On the whole therefore it seems probable that the Avars in their westward advance followed an inland route from the Dnieper to the Upper Bug (through the Government of Kiev, and Podolia), not coming into hostile contact with the Bulgarians who were between the Dnieper and the Danube (in the Government of Cherson, in Bessarabia and Wallachia).

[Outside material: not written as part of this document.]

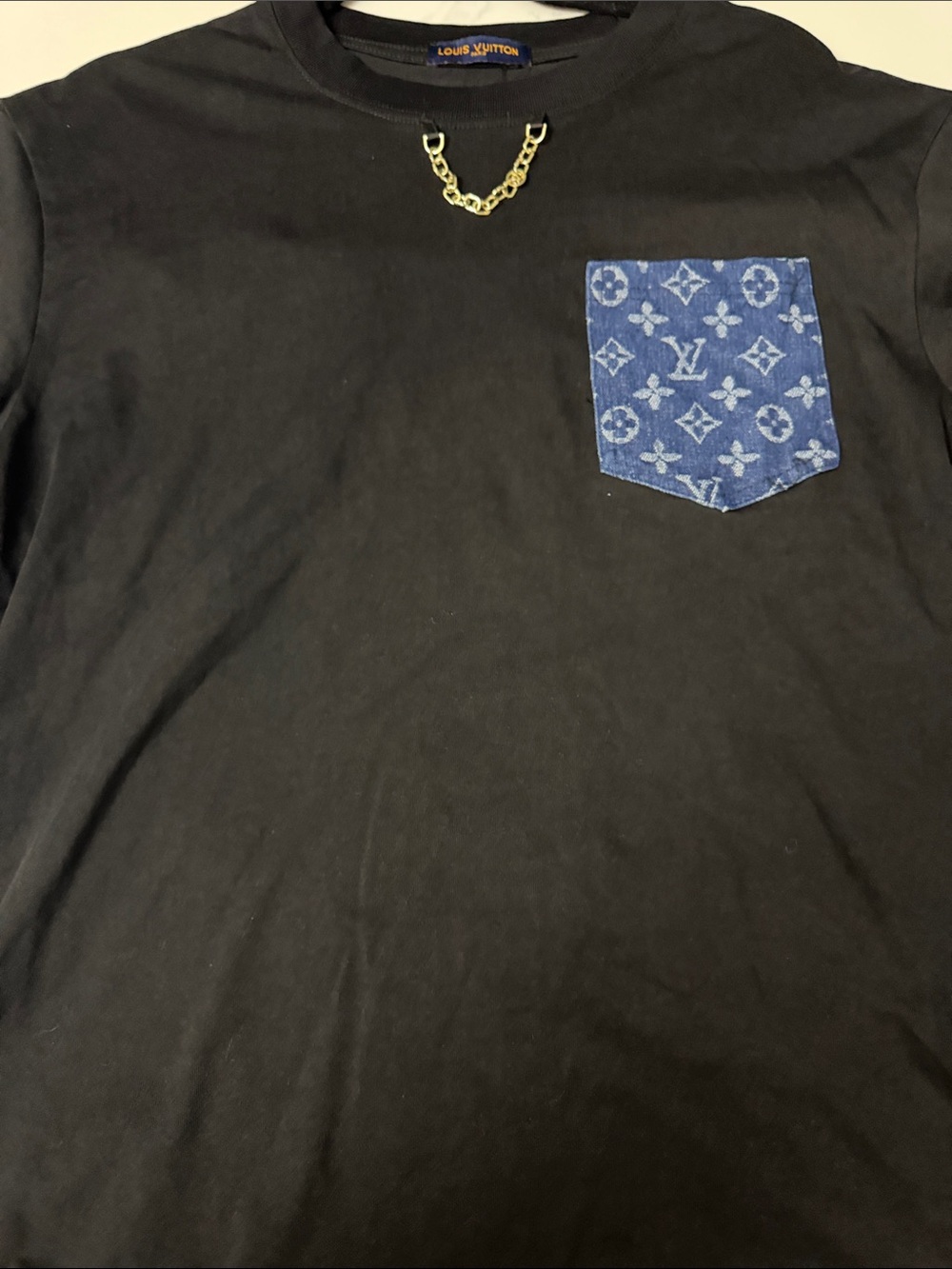 Black Men’s Louis Vuitton Crew Neck T-Shirt with Blue Logo Pocket - Picture 4 of 4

In regard to the extent of the Avar Empire, after the conquest of Hungary, we must of course distinguish between the settlements of the Avars themselves, and the territories which acknowledged the lordship of the Chagan. The Avar settlements were entirely in the old Jazygia, between the Theiss and the Danube, where they dispossessed the Gepids, and in Pannonia, where they succeeded to the inheritance of the Lombards.5 These regions, which correspond to Hungary, were Avaria in the strict sense. But the Chagan extended his power over the Slavonic tribes to the north and east. It is generally agreed that his sway reached into Central Europe and was acknowledged in Bohemia, Moravia, Galicia; but it seems an improbable exaggeration to say that it was bounded on the north by the Baltic.6 Baian also subjugated, at least temporarily, the Slavs of Wallachia and Moldavia, but I doubt much whether his dominion extended in any sense over the Bulgarians of Southern Russia. We find Bulgarians apparently in his service; but, as Bulgarian settlements were probably scattered from the Danube to the Dnieper, we can draw from this fact no conclusion as to the extent of the Avar empire.

[1 ]So Schafarik, Slaw. Alterthümer, ed. Wuttke, ii. 57-8.

[2 ]Cp. Menander, fr. 6, ὁ Κοτράγηγος ἐκεɩ̂νος ὁ τοɩ̂ς Ἁβάροις ἐπιτήδειος, where Niebuhr proposed Κοτρίγουρος. It seems to me more likely that Κοτράγηγος was the name of a Kotrigur chief.

[3 ]Menander, fr. 6.

[4 ]Ib. p. 61.

[5 ]This is rightly emphasised by Howorth, The Avars, in Journal Asiat. Soc., 1889, p. 737.

[6 ]Howorth, ib. p. 786. The story of the Slavs from the “Western Sea,” in Theophylactus, vi. 2, does not warrant the inference.